Before copying, set the pictures aside; then repeat every line below verbatim.

GIVEN MATERIAL: Begin

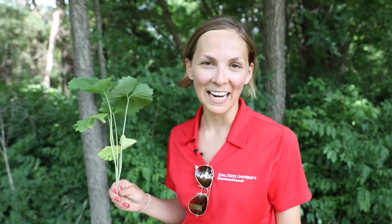Hi, my name is Megan Anderson, and I'm an extension field agronomist for Iowa State University. And today we're here to talk about an invasive species of woodlands known as garlic mustard.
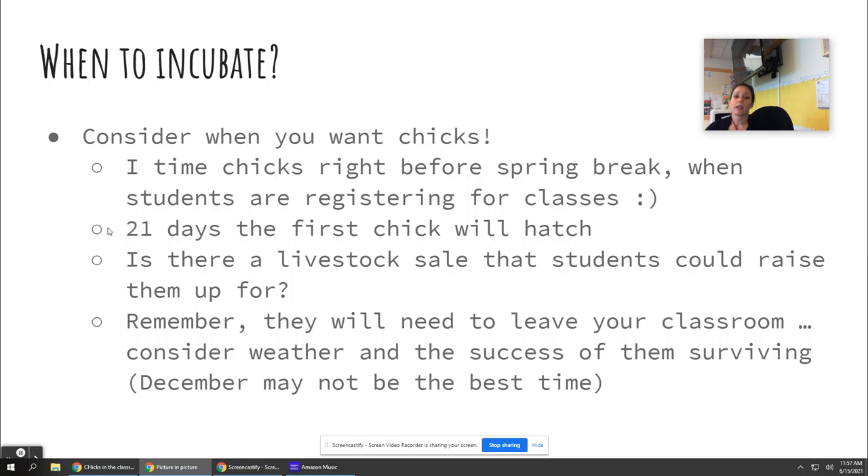Remember, with chickens it's 21 days. If they hatch a little early or a little late, something's wrong. You might also have a livestock sale you want to start from chick to butcher — some schools butcher at school. I've had my FFA students butcher extra birds, but I've never done it with the chicks we incubate.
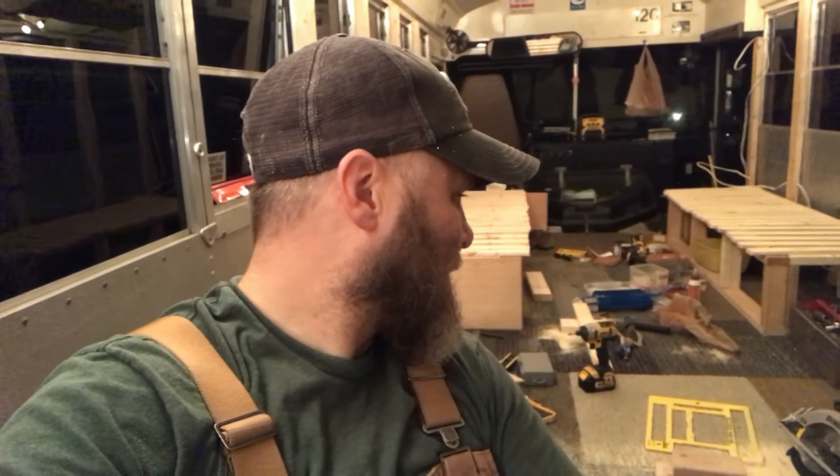That's in the first time-lapse you saw. I really wanted to get working on these sofas a bit more, which are back here, because we're planning to take a trip this weekend. I really want to take the bus — it seems unlikely that if we were to leave Thursday or Friday that I'd be able to have this in a place where we could actually travel in it, like bunk beds there and a bed for Emily over here, but I am motivated.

GIVEN MATERIAL: End

RESULT BELOW:
Hi, my name is Megan Anderson, and I'm an extension field agronomist for Iowa State University. And today we're here to talk about an invasive species of woodlands known as garlic mustard.
Remember, with chickens it's 21 days. If they hatch a little early or a little late, something's wrong. You might also have a livestock sale you want to start from chick to butcher — some schools butcher at school. I've had my FFA students butcher extra birds, but I've never done it with the chicks we incubate.
That's in the first time-lapse you saw. I really wanted to get working on these sofas a bit more, which are back here, because we're planning to take a trip this weekend. I really want to take the bus — it seems unlikely that if we were to leave Thursday or Friday that I'd be able to have this in a place where we could actually travel in it, like bunk beds there and a bed for Emily over here, but I am motivated.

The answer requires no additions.